----- Stored data

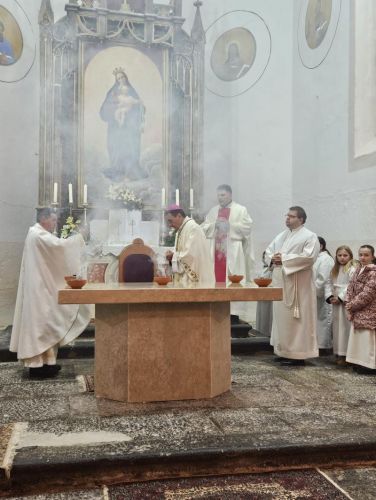 Posveta novog oltara u župi Gospe Karmelske u Smiljanu
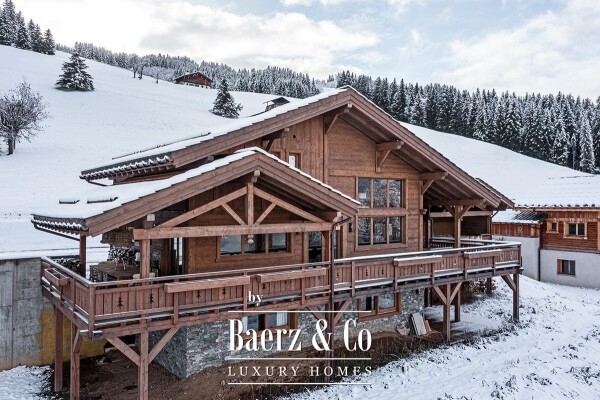 photo 6 6 BEDROOM CHALET - TOP OF THE RANGE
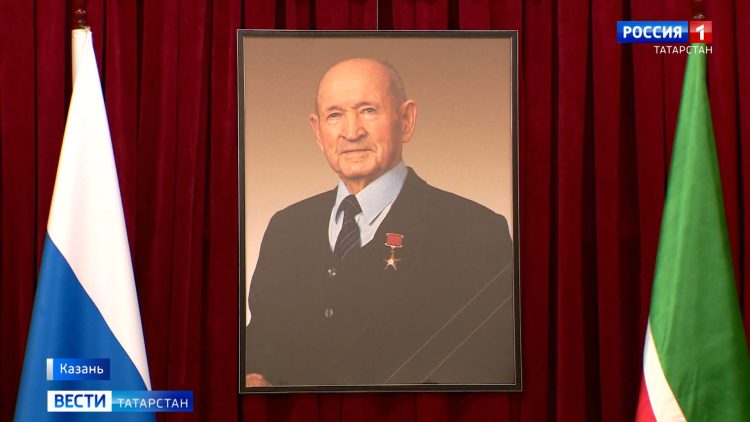 «Он сделал свою биографию сам, своими руками»: в Казани простились с Ильдусом Мостюковым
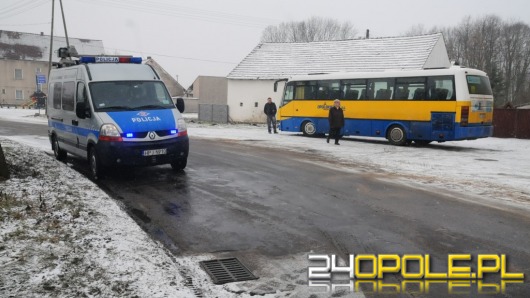 Kierowca malucha wjechał w autobus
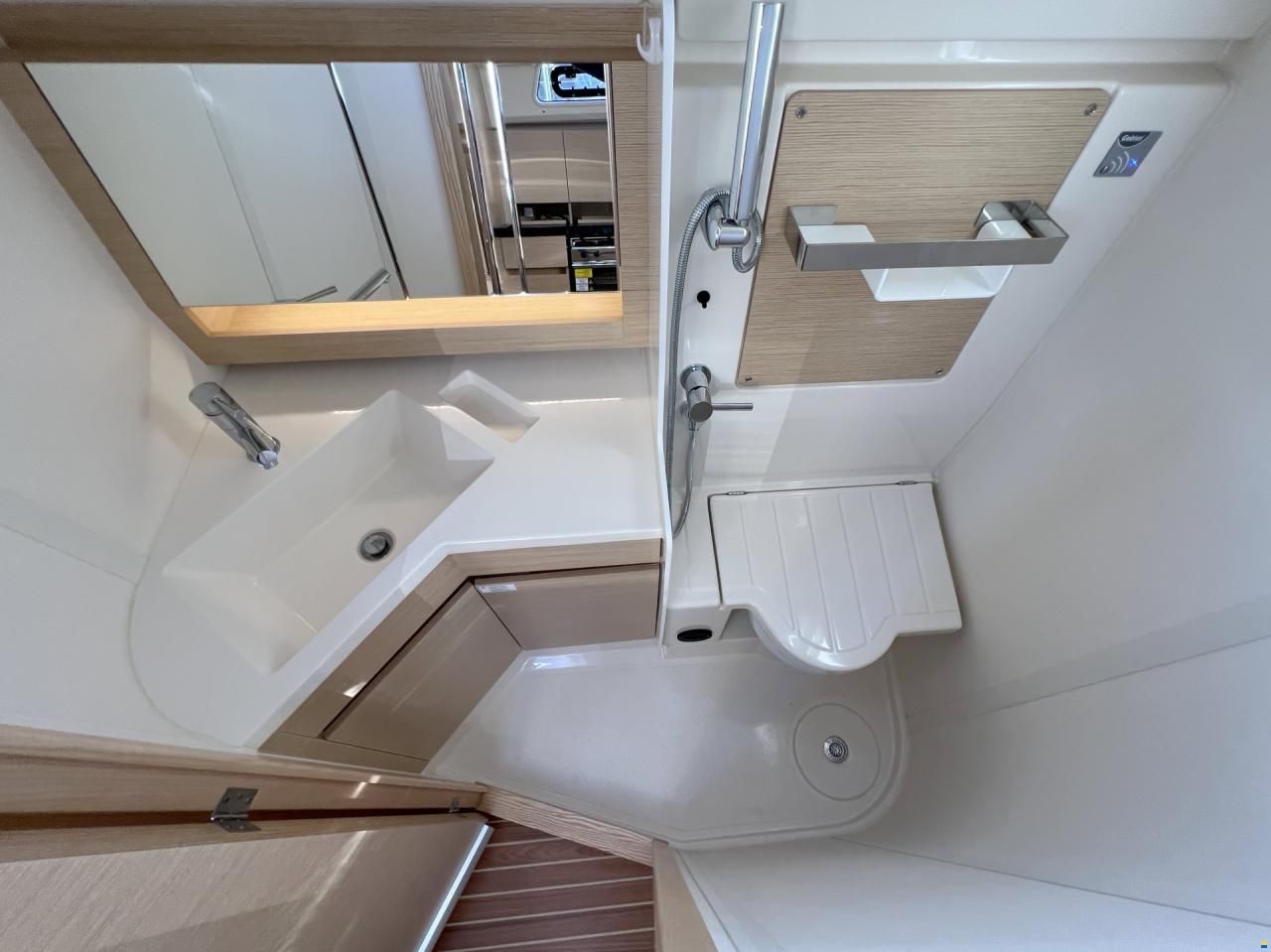 Hanse 388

----------

What you give back should match the entries above exactly, except that pictures are dropped.

Worked solution —
 Posveta novog oltara u župi Gospe Karmelske u Smiljanu
 photo 6 6 BEDROOM CHALET - TOP OF THE RANGE
 «Он сделал свою биографию сам, своими руками»: в Казани простились с Ильдусом Мостюковым
 Kierowca malucha wjechał w autobus
 Hanse 388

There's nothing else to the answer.